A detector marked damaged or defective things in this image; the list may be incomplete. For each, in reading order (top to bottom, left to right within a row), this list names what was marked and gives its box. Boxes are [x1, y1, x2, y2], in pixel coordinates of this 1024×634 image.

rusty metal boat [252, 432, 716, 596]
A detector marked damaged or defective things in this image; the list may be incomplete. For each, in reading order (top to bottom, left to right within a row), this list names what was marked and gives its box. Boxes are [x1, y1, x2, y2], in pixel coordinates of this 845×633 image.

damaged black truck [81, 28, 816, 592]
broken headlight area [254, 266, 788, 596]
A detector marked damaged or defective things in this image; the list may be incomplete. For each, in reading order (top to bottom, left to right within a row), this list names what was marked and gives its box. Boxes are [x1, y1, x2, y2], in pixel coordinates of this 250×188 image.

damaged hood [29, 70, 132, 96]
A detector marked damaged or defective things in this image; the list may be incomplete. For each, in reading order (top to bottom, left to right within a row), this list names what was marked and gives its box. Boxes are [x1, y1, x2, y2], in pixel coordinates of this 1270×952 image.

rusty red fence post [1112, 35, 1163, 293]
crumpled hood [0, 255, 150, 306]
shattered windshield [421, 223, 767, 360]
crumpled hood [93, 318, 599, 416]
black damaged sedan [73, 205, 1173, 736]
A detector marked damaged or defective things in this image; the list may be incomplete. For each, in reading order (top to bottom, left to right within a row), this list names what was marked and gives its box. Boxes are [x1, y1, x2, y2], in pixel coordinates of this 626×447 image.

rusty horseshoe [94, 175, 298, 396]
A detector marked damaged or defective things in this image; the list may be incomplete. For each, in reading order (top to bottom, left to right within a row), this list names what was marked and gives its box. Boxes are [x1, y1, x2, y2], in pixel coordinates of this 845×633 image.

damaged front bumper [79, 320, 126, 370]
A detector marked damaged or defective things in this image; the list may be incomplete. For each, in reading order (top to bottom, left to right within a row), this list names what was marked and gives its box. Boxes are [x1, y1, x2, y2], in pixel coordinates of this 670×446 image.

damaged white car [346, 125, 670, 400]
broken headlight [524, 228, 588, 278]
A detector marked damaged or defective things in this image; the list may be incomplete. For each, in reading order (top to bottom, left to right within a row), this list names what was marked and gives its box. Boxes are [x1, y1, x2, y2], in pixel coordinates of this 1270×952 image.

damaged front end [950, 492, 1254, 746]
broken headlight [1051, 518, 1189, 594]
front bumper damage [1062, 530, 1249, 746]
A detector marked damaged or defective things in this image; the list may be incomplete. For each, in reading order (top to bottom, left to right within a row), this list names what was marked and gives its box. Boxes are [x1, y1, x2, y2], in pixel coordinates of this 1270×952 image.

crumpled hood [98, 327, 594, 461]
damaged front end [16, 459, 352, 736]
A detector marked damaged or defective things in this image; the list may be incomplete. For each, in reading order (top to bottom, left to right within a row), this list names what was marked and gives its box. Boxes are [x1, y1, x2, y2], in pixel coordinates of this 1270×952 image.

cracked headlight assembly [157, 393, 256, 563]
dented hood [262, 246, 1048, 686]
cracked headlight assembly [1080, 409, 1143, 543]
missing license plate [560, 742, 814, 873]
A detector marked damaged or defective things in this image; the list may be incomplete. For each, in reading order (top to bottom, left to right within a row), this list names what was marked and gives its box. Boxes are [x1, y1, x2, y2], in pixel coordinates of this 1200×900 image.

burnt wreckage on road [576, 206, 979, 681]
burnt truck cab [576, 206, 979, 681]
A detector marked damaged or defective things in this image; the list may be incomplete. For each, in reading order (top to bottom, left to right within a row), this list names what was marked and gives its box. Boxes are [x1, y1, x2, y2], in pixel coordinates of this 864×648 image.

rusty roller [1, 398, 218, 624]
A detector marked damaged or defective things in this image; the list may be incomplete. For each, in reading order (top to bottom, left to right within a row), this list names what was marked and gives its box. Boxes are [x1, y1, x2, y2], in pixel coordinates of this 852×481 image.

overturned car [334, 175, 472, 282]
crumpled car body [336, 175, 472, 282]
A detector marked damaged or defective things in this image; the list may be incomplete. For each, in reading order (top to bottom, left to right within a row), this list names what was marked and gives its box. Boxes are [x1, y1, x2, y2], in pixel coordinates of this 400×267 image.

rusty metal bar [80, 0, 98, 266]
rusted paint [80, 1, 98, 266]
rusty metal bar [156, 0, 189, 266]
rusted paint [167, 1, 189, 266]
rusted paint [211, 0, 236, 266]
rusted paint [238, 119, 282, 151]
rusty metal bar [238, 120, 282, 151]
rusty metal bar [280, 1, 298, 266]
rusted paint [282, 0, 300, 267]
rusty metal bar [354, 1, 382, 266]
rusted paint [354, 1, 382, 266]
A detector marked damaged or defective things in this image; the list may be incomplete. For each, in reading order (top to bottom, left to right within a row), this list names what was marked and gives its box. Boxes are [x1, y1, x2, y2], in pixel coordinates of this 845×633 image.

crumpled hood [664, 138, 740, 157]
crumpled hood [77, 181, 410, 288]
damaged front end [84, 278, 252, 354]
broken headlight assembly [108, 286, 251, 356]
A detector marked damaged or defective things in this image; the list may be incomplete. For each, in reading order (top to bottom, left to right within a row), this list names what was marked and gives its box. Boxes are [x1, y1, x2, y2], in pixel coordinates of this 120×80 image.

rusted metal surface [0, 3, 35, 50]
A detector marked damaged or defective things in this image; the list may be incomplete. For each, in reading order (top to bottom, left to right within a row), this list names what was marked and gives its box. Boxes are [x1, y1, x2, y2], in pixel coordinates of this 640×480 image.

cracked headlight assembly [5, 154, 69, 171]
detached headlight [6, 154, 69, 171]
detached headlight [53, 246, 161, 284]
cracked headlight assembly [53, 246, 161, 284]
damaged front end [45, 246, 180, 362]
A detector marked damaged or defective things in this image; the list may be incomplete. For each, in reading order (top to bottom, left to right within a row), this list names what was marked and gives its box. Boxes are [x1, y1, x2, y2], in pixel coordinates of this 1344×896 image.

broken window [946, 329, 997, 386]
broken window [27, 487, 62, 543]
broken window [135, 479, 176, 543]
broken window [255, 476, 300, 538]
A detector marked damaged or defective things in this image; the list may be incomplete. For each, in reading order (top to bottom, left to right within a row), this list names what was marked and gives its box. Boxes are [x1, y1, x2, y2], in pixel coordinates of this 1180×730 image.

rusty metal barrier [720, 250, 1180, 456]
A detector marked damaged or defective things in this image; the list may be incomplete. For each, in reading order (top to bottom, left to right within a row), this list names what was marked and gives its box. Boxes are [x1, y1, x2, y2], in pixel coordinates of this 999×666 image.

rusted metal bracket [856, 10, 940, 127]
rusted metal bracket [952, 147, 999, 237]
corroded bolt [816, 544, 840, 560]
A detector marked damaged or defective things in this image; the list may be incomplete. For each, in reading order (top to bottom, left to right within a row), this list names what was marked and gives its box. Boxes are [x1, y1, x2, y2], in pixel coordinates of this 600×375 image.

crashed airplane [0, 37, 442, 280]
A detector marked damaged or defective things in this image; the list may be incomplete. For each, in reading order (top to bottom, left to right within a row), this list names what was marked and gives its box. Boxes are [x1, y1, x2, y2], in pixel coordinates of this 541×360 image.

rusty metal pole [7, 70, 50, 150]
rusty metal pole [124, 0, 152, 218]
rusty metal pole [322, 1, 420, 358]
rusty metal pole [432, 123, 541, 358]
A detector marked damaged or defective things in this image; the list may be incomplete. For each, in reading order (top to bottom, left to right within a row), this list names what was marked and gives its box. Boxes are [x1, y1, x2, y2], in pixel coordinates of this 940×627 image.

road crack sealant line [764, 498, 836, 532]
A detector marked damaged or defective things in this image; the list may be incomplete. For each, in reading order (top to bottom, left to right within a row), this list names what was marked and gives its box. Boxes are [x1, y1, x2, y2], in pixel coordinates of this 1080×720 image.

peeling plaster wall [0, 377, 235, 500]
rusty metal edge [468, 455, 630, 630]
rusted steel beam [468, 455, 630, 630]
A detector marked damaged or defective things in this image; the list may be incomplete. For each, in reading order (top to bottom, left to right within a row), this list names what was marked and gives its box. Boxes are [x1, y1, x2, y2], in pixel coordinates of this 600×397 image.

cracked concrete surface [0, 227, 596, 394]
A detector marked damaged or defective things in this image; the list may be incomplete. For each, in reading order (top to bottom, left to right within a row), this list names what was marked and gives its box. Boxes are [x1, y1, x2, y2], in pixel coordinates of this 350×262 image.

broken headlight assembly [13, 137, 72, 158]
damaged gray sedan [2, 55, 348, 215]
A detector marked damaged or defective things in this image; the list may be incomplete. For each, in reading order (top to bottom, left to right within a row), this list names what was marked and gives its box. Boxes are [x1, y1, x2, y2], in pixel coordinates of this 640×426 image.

Exercise requirements:
Take the lines above from the one holding "this 350×262 image." to the last and output them exactly.

Answer for this exercise:
A detector marked damaged or defective things in this image; the list may be incomplete. For each, in reading order (top to bottom, left to right within a row), this list names what was marked and gives its box. Boxes are [x1, y1, x2, y2], in pixel coordinates of this 350×262 image.

broken headlight assembly [13, 137, 72, 158]
damaged gray sedan [2, 55, 348, 215]
A detector marked damaged or defective things in this image; the list may be incomplete. For each, in reading order (top to bottom, left to right within a row), this list names what was marked and gives its box. Boxes are [x1, y1, x2, y2], in pixel coordinates of this 640×426 image.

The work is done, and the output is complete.